For those not familiar the City of Tucson is the second largest City in Arizona. It spans an area of 250 square miles and has a population of approximately 547,000 making it the 30th largest City in the United States. The city employs approximately 6000 people not including the uniform police and fire personnel. Tucson has placed in the top ten of the Digital Cities survey each of the last 7 years.

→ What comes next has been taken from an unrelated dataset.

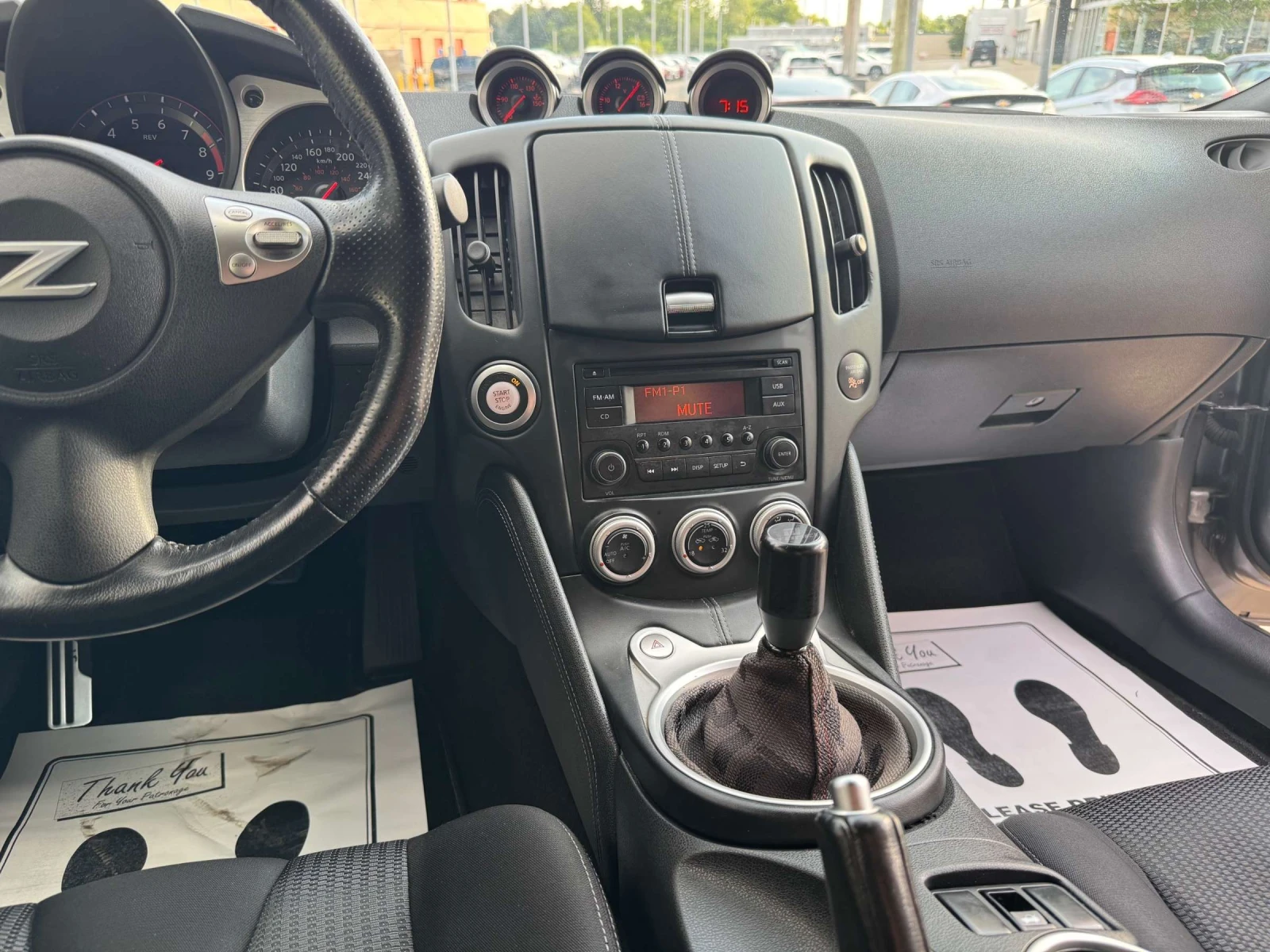 Nissan 370Z ИНТЕЙК, ГЕНЕРАЦИЯ, АВТОКРЕДИТ, снимка 16 - Автомобили и джипове - 55930810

The City embarked on its broadband strategy in 1999, and over the last 9 years has created a robust communication network. This network interconnects all major city facilities such as fire stations, police stations, libraries, community and recreation centers. The technologies used are a combination of wired and wireless. A fiber optic backbone encompassing approximately 500 miles of fiber is connected redundantly as OC-48 and OC-12 SONET rings, and gigabit Ethernet pipes. An OC-3 digital microwave network provides connections to sites that are not accessible via fiber. The city has a wireless mesh network (for municipal use only) that covers all 250 square miles of the city. This mesh network was built as part of a project call ER-Link
that provides video from a paramedic unit (while in transit) to the local trauma center.
The city owns, manages, and maintains the network. This network is used by other government and quasi governmental agencies at a cost that is less than contracting these services from a provider. The city currently has service contracts with the local community college, the county, and a local school district to provide wide area networking services across this network
The city continues to take advantage of this infrastructure for the provision of technologies and applications that offer a greater level of service and reduce costs. Some examples include: VOIP, NOVA (our CRM implementation), streaming video, traffic signal management, and a number of e-services. In the final testing and implementation phase are projects that provide GIS information to utility workers and first responders in the field, wireless applications for permitting and fire inspections, and consolidation of data centers.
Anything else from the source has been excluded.